KabariNews – Pemerintah dianggap tidak serius melakukan renegoisasi dengan PT Freeport Indonesia, buktinya dari 6 point yang diajukan oleh pemerintah hanya satu yang baru bisa dipenuhi oleh mereka. Point tersebut adalah royalti emas sebesar 3,75% dari yang sebelumnya 1%.

Menteri Koordinator Perekonomian, Hatta Rajasa sebelumnya mengatakan bahwa pihak Freeport bersedia menambah royalti emas menjadi 3,75%, namun point tersebut dianggap Kementerian ESDM belum memenuhi tuntutan 6 point yang diajukan dalam renegoisasi tersebut.

Ke 6 point tersebut adalah, terkait luas wilayah kerja, perpanjangan kontrak, penerimaan negara atau royalti, kewajiban pengolahan dan pemurnian, kewajiban divestasi dan kewajiban penggunaan barang atau jasa pertambangan dalam negeri.

“Kasus mandegnya renegoisasi, mencerminkan Freeport memang tidak ada niat baik. Buktinya dari 6 point yang diajukan hanya baru satu yang dipenuhi. Ini menunjukan arogansi Freeport terhadap bangsa ini,” kata Dewi Aryani. Demikian disampaikan Anggota Komisi VII DPR, Dewi Aryani.

Menurut Dewi Aryani renegoisasi dengan Freeport merupakan momentum yang tepat untuk mereposisi sektor energi di Indonesia. Menurutnya, dari kegagalan tersebut menciptakan kondisi ketahanan energi di dalam negeri yang eksternalitas negatif kepada sektor lainnya dan akan mengganggu berjalannya proses pembangunan.

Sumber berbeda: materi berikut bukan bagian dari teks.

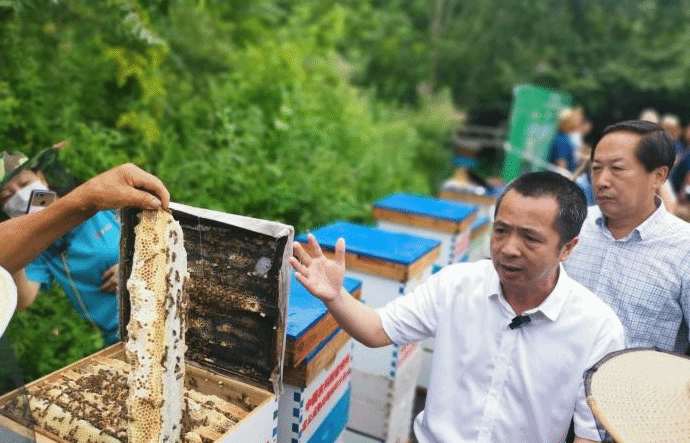 蜂蜜进口价格是出口价的数倍 专家称产业亟待升级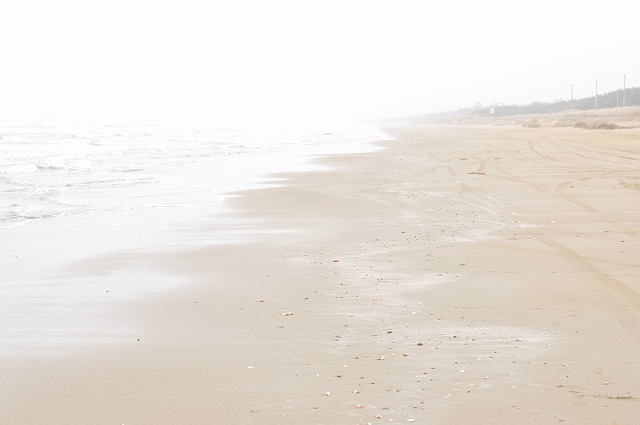 sandy beach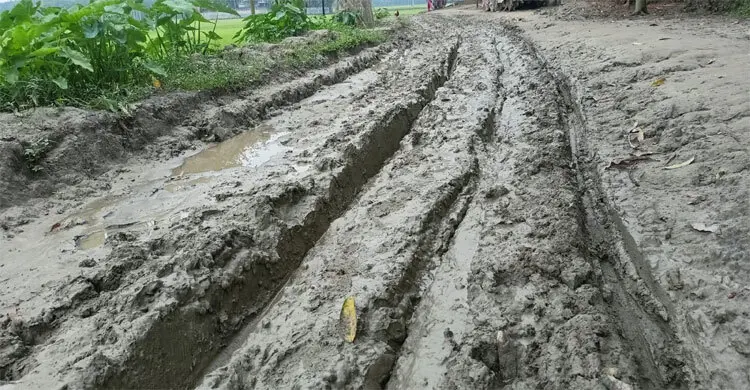 জিলাপি খাইয়ে উদ্বোধন, পরে পুরো সড়কের ইট চুরি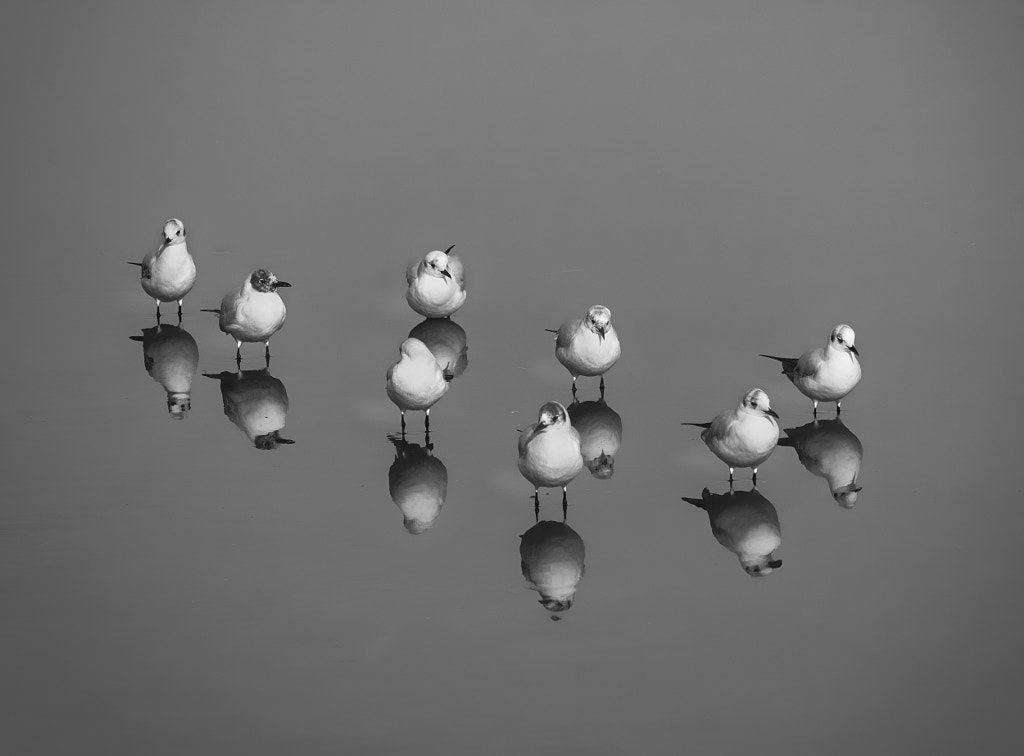 Black-headed gulls by Keren Or on 500px.com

“Keterkaitan energi dengan berbagai sektor lain seperti ekonomi, politik, lingkungan, dan sosial menempatkan energi sebagai sebuah hal yang keberadaannya perlu diposisikan dalam ruang lingkup kebijakan prioritas. Pada kenyataannya, sikap Pemerintah yang selama ini mengesampingkan kebijakan energi dibandingkan dengan kebijakan lainnya menuai hasil berupa kelangkaan energi yang disebabkan oleh salah tata kelola energi,” tegas dia.